Orpha number ORPHA2138
Synonym(s) 46,XX ovotesticular DSD
True hermaphroditism
Prevalence 1-9 / 100 000
Inheritance
  • Autosomal recessive
Age of onset Childhood
ICD-10
  • Q56.0
OMIM
UMLS
  • C2748895
MeSH
  • D050090
MedDRA -
SNOMED CT
  • 18978002

Summary

46,XX ovotesticular disorder of sex development (46,XX ovotesticular DSD) is characterized by histologically confirmed testicular and ovarian tissue in an individual with a 46,XX karyotype.

Estimated prevalence is approximately 1/20,000 births. The disorder may account for less than 3-10% of all DSD.

About 20% of affected individuals are diagnosed before 5 years of age. Diagnosis is commonly made during the neonatal period due to atypical genitalia. Some present later with abnormal pubertal development. Signs include: lower abdominal pain, gynecomastia, inguinal herniae, an inguinoscrotal mass, cryptorchidism or amenorrhea/periodic hematuria depending on sex assignment. Most affected individuals have female internal genitalia (uterus, hemi-uterus or rudimentary uterus). Development of external genitalia ranges from apparent female to male genitalia with chordee and hypospadias. Rarely, patients have normal or near-normal male penis and bilaterally descended ovotestes (gonads containing ovarian and testicular elements). Gonadal configurations vary. Infertility is common in men whereas women have some potential for fertility. Malignant gonadal tumors are rare (less than 3% of cases).
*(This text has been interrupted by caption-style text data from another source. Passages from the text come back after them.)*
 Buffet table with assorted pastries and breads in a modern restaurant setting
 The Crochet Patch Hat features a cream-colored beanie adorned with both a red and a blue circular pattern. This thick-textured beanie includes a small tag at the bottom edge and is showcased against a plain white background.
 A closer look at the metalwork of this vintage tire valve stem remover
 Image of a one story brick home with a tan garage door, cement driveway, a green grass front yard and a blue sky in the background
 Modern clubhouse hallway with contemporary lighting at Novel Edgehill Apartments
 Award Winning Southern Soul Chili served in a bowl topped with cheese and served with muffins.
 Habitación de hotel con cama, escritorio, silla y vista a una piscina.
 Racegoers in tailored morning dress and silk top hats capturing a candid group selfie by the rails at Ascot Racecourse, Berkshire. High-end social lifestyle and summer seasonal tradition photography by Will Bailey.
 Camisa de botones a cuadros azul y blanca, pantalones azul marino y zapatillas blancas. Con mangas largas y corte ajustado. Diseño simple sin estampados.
The exact cause of 46,XX ovotesticular DSD has not been elucidated for the majority of cases but may be related to mosaicism or genetic mutations. Most cases (65%) are SRY (sex determining region of the Y chromosome)-negative. Rarely, patients possess a copy of the SRY gene, have SOX9 gene duplication or mutations in the RSPO1 or WNT4 genes as part of palmoplantar keratoderma - XX sex reversal - predisposition to squamous cell carcinoma and Serkal syndrome respectively (see these terms).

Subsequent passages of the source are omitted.